LMAO... when the Secret Service finally comes to arrest me in my Motel 6 room with my digital gear and stacks and stacks of counterfeit credit cards and they announce I'm under arrest for counterfeiting I'll hold my head up high and object:

"Excuse me sirs, this is a credit expansion operation."

LMFAO.

Wed, 08/26/2015 - 19:37 | 6475442 who cares
who cares's picture

The Chinese will find the solution to their own problems. Why dont'you fuck off and mind the problems of your own country?

Wed, 08/26/2015 - 20:56 | 6475739 gimme-gimme-gimme
gimme-gimme-gimme's picture

Yeah, the Chinese ain't no dummies. The West bought trillions worth of shit knick knacks and gave China paper treasuries and currency in return.

The Chinese know it won't be worth shit 30years from now and built 30years worth of infrastructure in 8 years as a hedge.

IMO China was pretty stupid to even get themselves into this situation to begin with, but I guess it was the easiest way to have "growth" and "job creation".

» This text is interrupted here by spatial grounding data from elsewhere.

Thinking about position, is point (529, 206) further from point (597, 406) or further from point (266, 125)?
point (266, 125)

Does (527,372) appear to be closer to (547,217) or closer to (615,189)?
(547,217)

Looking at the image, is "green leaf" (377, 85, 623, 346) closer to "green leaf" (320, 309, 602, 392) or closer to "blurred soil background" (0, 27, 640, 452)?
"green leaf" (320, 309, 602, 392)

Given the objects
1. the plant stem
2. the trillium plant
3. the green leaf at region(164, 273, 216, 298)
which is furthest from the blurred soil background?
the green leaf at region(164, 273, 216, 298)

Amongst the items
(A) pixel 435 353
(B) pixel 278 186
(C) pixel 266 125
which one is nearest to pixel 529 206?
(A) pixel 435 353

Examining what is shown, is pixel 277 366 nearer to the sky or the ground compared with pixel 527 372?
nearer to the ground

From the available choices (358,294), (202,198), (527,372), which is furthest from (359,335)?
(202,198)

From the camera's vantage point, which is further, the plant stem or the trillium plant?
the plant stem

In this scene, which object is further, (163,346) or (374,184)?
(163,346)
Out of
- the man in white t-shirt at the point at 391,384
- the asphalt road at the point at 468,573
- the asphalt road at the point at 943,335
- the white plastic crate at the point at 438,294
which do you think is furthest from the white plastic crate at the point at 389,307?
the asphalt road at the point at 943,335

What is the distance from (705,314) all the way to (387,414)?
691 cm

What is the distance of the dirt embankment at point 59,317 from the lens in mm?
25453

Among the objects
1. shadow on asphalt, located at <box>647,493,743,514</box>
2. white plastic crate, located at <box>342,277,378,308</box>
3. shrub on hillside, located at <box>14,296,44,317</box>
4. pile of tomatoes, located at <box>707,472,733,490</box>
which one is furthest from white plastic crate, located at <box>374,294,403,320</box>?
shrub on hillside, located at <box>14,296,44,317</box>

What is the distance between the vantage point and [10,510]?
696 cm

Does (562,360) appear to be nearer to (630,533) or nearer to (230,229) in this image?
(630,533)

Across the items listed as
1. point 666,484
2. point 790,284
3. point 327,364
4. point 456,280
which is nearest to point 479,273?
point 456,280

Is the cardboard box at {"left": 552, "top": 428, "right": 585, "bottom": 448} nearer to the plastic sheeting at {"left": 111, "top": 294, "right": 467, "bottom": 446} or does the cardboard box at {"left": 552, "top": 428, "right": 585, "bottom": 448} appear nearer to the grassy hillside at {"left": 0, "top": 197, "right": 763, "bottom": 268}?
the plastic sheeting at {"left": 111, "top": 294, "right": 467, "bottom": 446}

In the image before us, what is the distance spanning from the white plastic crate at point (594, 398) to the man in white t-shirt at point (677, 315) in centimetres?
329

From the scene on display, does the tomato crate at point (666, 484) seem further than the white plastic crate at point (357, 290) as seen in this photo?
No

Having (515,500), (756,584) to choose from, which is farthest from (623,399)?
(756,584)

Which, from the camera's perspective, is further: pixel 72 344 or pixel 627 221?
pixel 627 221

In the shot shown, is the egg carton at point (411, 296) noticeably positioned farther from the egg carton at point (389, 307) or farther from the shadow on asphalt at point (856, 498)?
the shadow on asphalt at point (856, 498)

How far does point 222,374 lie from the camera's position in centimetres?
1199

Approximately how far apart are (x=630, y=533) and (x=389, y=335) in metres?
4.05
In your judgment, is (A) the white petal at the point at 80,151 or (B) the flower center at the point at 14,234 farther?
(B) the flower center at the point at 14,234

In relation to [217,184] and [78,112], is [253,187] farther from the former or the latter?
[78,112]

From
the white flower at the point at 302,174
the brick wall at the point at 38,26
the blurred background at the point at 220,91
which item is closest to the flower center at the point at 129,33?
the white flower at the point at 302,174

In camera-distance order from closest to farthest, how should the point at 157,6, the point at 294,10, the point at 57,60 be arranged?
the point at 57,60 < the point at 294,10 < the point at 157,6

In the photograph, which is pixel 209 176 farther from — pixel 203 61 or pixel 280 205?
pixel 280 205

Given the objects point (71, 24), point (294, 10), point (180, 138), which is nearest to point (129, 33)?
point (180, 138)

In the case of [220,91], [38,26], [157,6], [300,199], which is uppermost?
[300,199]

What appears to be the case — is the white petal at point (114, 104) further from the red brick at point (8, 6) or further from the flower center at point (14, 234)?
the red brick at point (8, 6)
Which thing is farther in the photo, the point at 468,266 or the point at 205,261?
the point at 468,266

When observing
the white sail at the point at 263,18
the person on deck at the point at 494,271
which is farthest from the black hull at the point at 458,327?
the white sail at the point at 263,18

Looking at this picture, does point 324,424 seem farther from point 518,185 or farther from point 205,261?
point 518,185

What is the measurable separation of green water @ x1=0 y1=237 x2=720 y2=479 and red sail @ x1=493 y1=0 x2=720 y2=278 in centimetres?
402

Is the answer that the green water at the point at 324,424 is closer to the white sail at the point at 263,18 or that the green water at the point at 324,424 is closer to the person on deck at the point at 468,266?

Thu, 08/27/2015 - 00:50 | 6476336 pachanguero
pachanguero's picture

Ok, one more time....Thailand is where I live.  The biggest fucking property bubble ever known is popping here NOW!

Long gold short THB....

Thu, 08/27/2015 - 01:35 | 6476378 onmail
onmail's picture

Chinese citizens have gold 

They are safe.

Thu, 08/27/2015 - 02:21 | 6476417 TheEndIsNear
TheEndIsNear's picture

"And you know what China bought those foreign reserves with in the first place? With freshly printed monopoly money."

It seems so bizarre to value one fiat currency in terms of another fiat currency.

 

Thu, 08/27/2015 - 22:30 | 6476488 roddy6667
roddy6667's picture

At 3000, the Shanghai Composite Index is right where it should be , looking at a 25 year chart. Where is the disaster? In 2007-2008, it dropped much more, and China went on to kick everybody's ass.